Il 2020 che ci siamo lasciati alle spalle è stato sicuramente uno degli anni più neri che sono arrivati dal secondo dopoguerra, l’emergenza Coronavirus ha infatti scosso tutto il pianeta, disintegrando in pochi mesi i pilastri fondanti di molti paesi e gettandone molti in crisi economico-sanitarie non indifferenti.
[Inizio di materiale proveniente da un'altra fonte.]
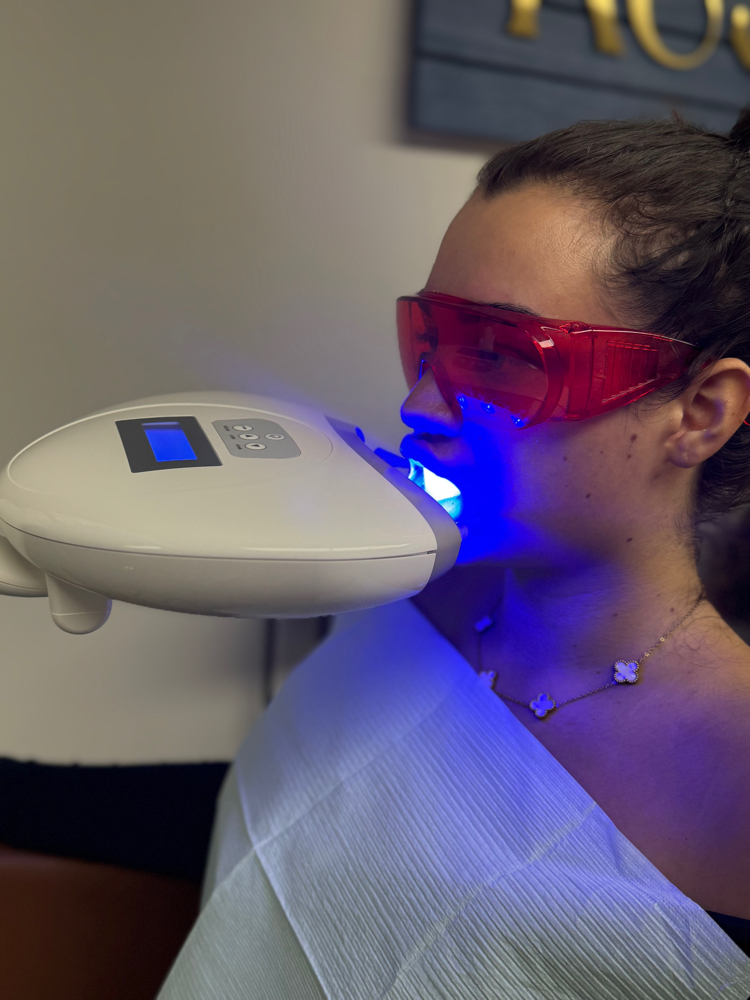 Teeth Whitening at RainbeautybyHeather in BEAVERCREEK, OH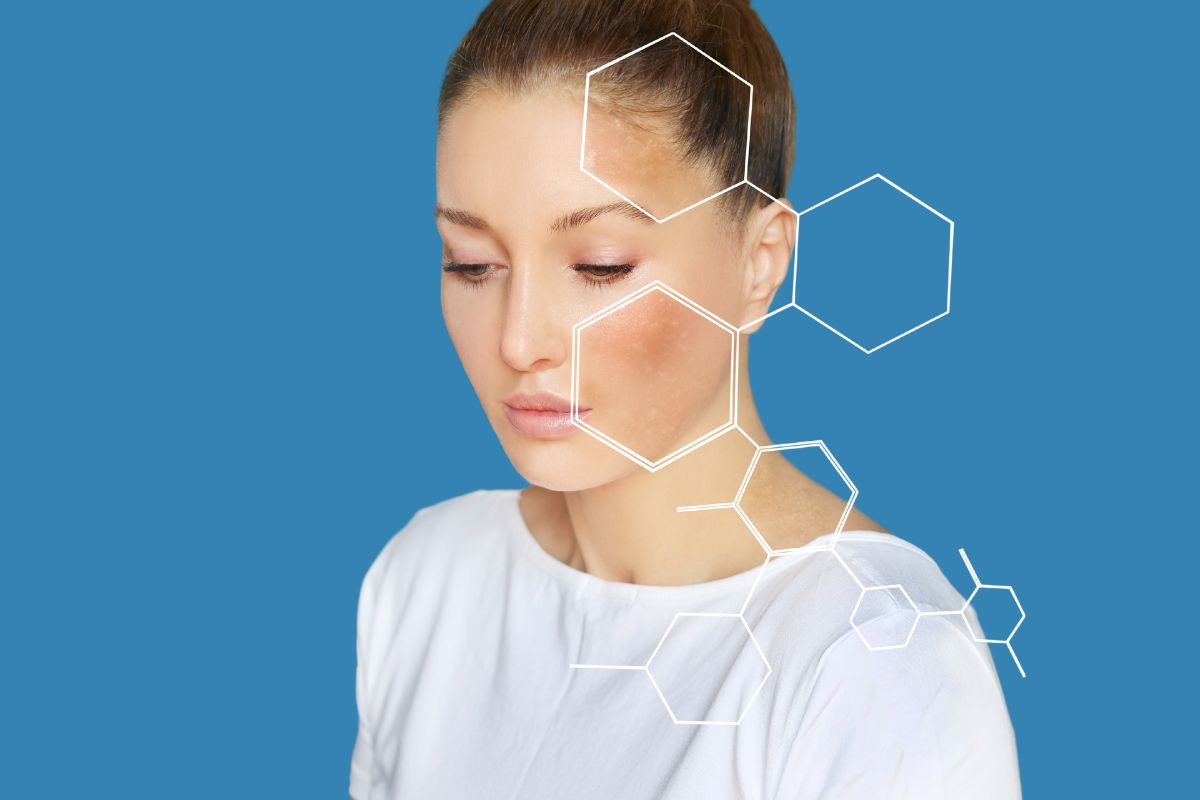 Why Adult Acne Requires a Different Treatment Approach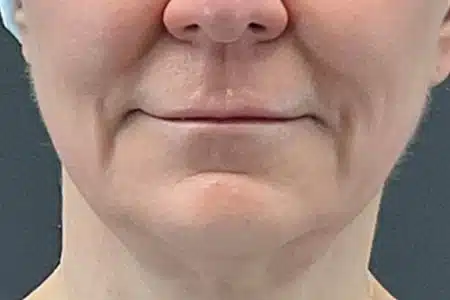 image-hollywood-facial-before-after-3_after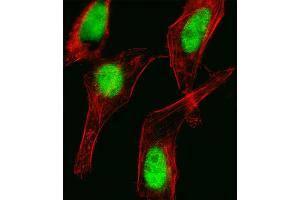 Fluorescent image of Hela cell stained with HOXC10 Antibody . (HOXC10 anticorps  (C-Term))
Il virus ha assunto una gravità così elevata soprattutto a causa del suo alto tasso di ospedalizzazione, talmente alto da poter saturare gli ospedali in pochi mesi, cosa che ad esempio i tumori, impiegherebbero anni a fare, un dettaglio che ha subito messo in moto le autorità per evitare un collasso dei sistemi sanitari.
Il Sars-CoV-2 come abbiamo letto può presentarsi in vari modi, con una clinica decisamente favorevole, senza sintomi palesi e dunque a decorso decisamente benigno, oppure in modo molto più grave, portando ad una polmonite interstiziale detta appunto SARS (Severe Acute Respiratory Syndrome), potenzialmente letale a causa della fortissima risposta infiammatoria che essa porta con se.
Sindrome post-covid
Ciò di cui però in molti non hanno ancora sentito parlare è la sindrome post-covid, una serie di sintomi che resta invariata anche a seguito della guarigione dall’agente virale, come perdita del gusto protratta, spossatezza o stanchezza a lungo termine, tutta una serie che in molti hanno continuato ad accusare in intensità direttamente proporzionale alla severità della patologia appena superata.
Si parla ovviamente di sintomi molto più vaghi rispetto a quelli della patologia conclamata, che comunque venivano segnalati dai pazienti ai vari operatori sanitari, i quali però spesso, in preda alla furia del virus, non trovavano tempo per preoccuparsene adeguatamente vista la presenza di situazioni ben più gravi da gestire in un contesto affollato e congestionato.
Questo status ha ora un nome long-haul COVID, si tratta però di un primo passo verso la definizione di un qualcosa che a quanto pare risulta di davvero difficile diagnosi, dal momento che questo status presenta dei sintomi molto aspecifici che sono difficilmente riconducibili al Coronavirus, del resto, come si potrebbe subito pensare in tale direzione davanti ad un paziente che accusa mal di testa, spossatezza, smemoratezza e dolori muscolari, sintomi che per alcuni sono durati giorni, per altri mesi o sono ancora in corso.
Ovviamente con pochi dati alla mano, vista la “giovinezza” del virus e visto lo stato di emergenza è al moneto difficile programmare un piano di intervento e di gestione di questa sindrome post-covid, non a caso in molti ospedali è stato suggerito ai pazienti di tornare a casa e rilassarsi per cercare di smaltire al più presto la botta subita dall’organismo.